■ Information given:
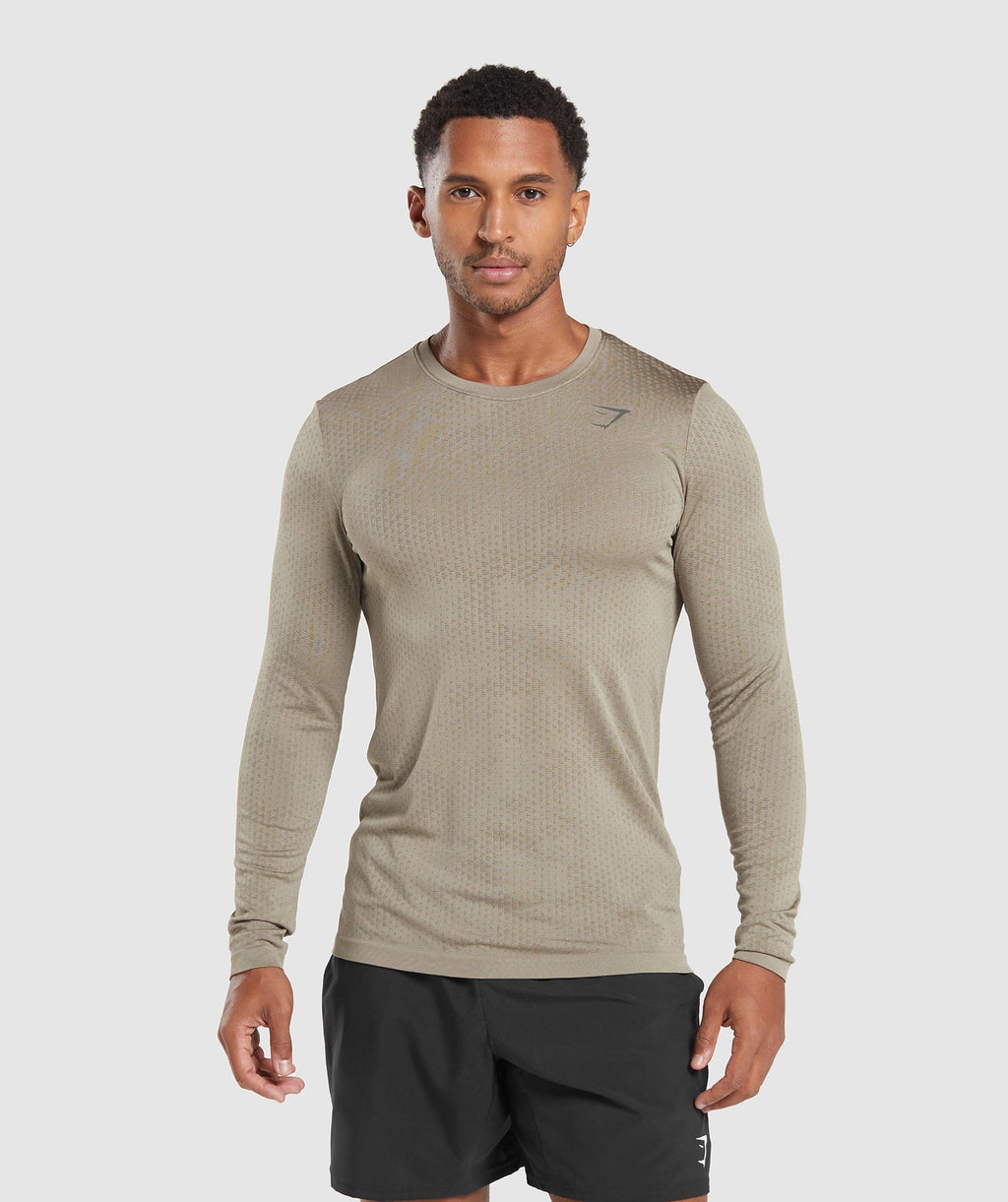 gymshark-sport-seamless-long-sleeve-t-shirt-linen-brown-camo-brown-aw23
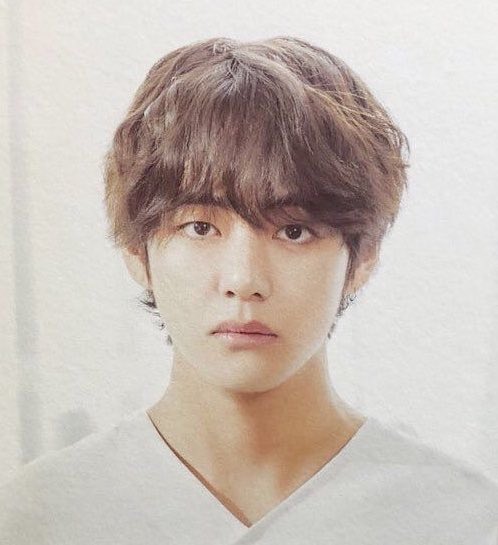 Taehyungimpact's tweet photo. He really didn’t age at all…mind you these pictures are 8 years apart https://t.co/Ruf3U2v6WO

==

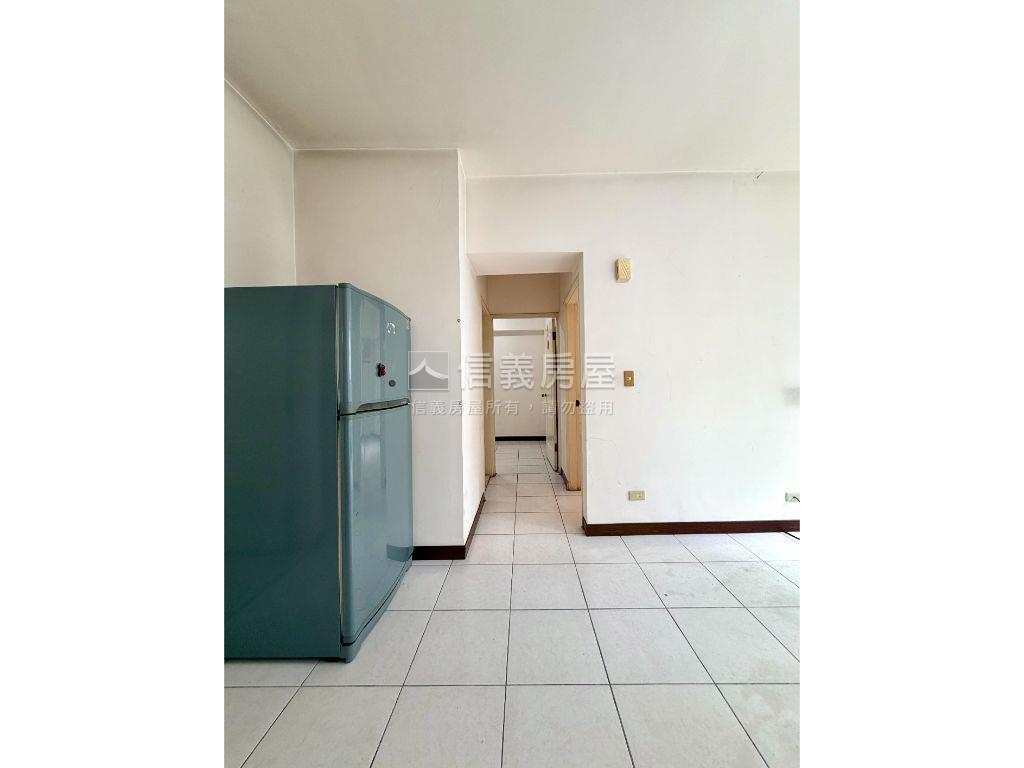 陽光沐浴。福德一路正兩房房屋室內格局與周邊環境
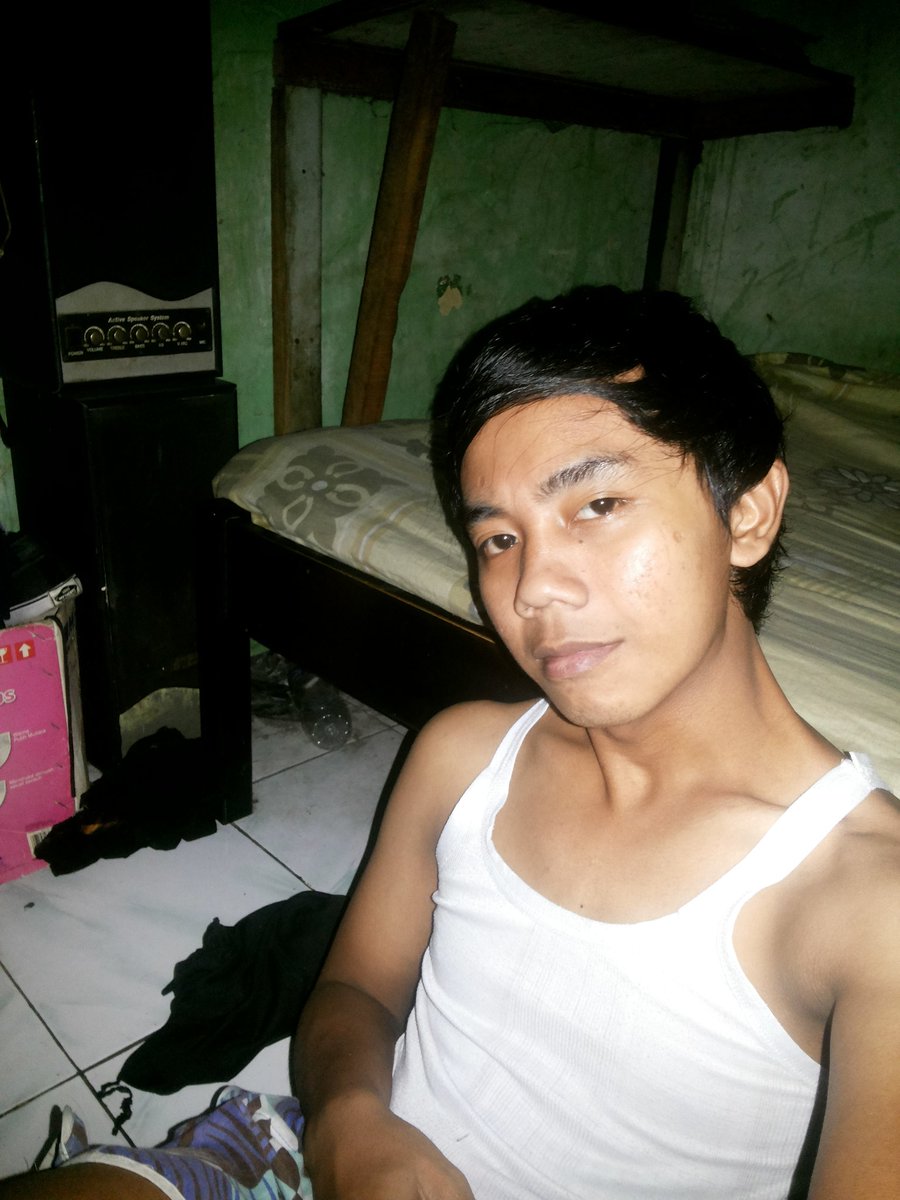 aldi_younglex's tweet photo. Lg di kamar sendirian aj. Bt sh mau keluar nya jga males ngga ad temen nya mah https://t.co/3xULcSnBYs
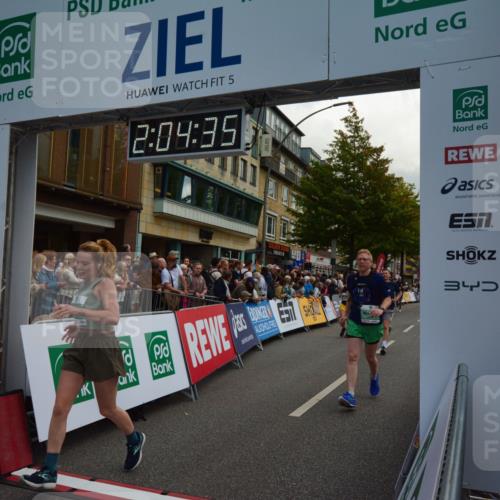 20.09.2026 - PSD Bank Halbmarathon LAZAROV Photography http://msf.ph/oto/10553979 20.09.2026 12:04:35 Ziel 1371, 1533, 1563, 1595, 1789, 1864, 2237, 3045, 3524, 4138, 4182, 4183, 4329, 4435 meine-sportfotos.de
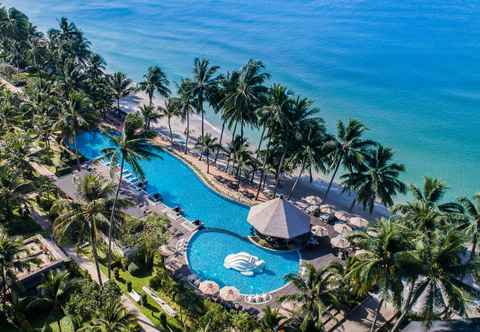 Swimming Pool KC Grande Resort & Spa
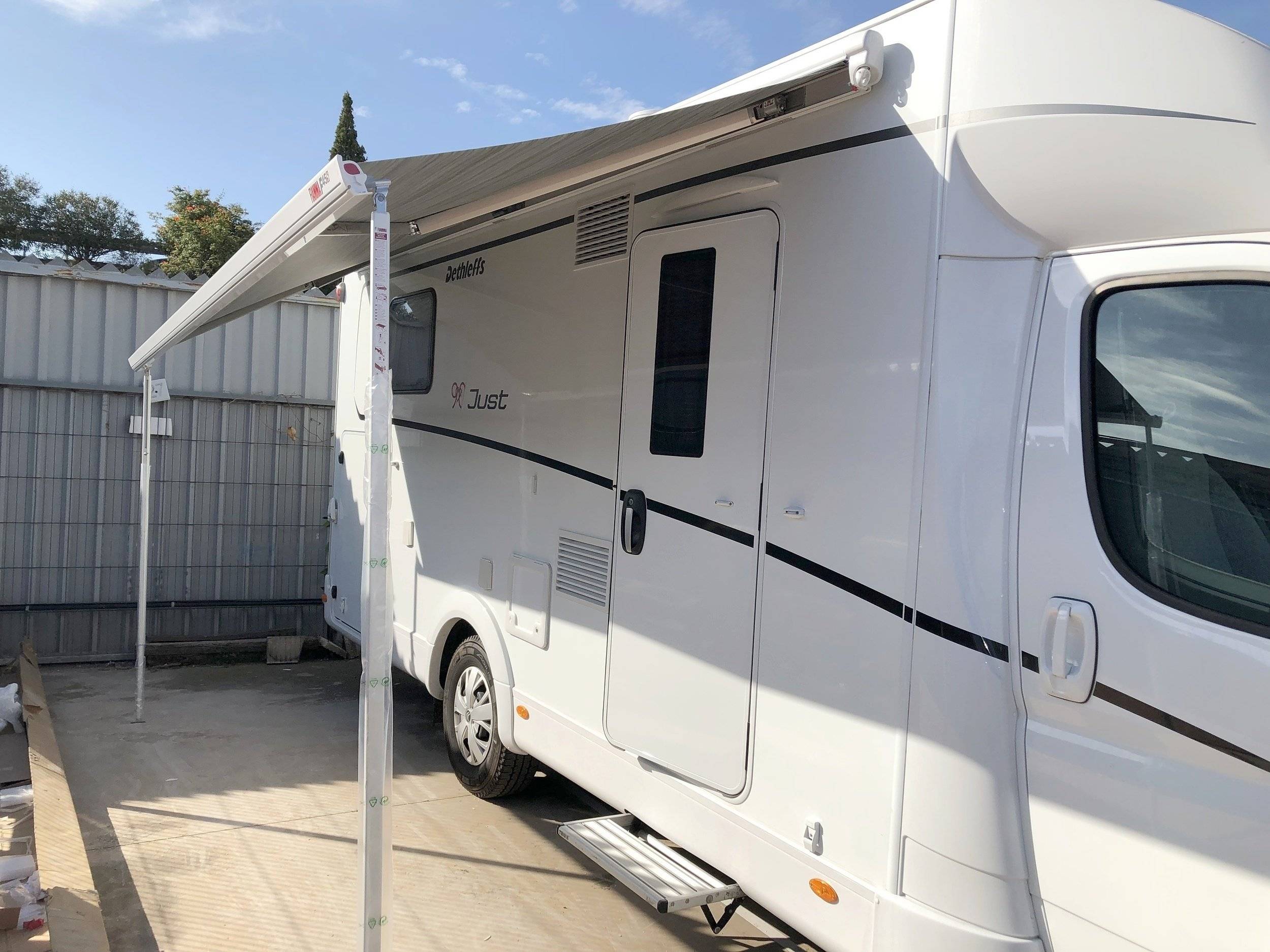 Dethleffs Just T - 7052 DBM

--

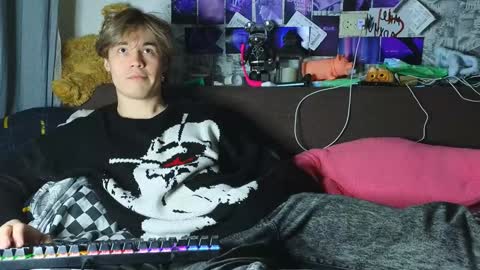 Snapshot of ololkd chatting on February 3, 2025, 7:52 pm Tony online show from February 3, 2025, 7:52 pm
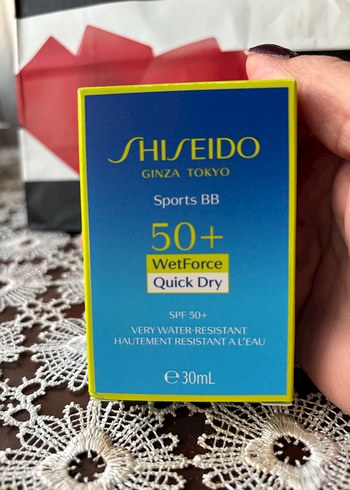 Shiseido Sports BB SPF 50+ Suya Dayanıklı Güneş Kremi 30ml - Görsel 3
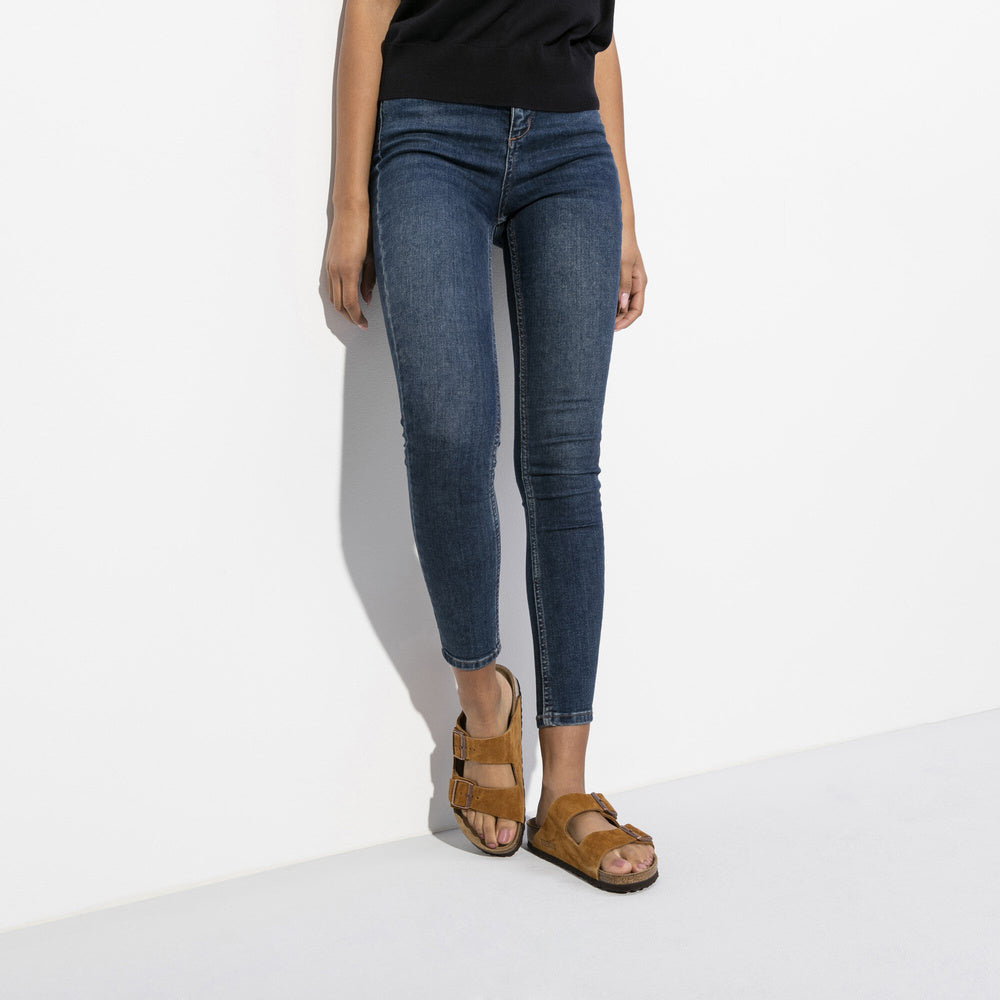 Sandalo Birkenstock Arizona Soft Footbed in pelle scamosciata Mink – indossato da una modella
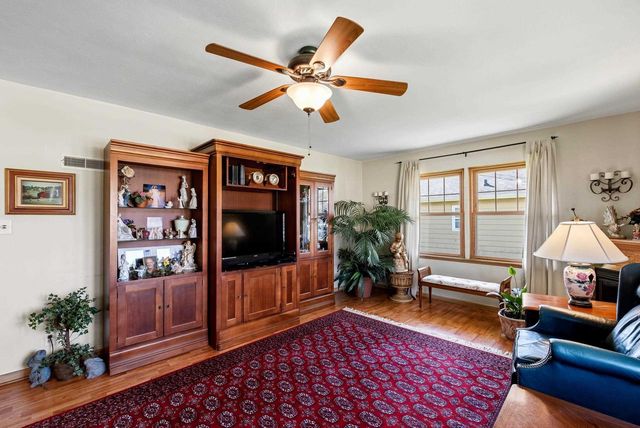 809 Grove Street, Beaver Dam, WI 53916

■ Work to be completed: All that should appear in the answer is the lines above from the line with "aldi_younglex's tweet photo." through the line with "Dethleffs Just T - 7052 DBM", retyped exactly, pictures left out.

■ Final answer:
 aldi_younglex's tweet photo. Lg di kamar sendirian aj. Bt sh mau keluar nya jga males ngga ad temen nya mah https://t.co/3xULcSnBYs
 20.09.2026 - PSD Bank Halbmarathon LAZAROV Photography http://msf.ph/oto/10553979 20.09.2026 12:04:35 Ziel 1371, 1533, 1563, 1595, 1789, 1864, 2237, 3045, 3524, 4138, 4182, 4183, 4329, 4435 meine-sportfotos.de
 Swimming Pool KC Grande Resort & Spa
 Dethleffs Just T - 7052 DBM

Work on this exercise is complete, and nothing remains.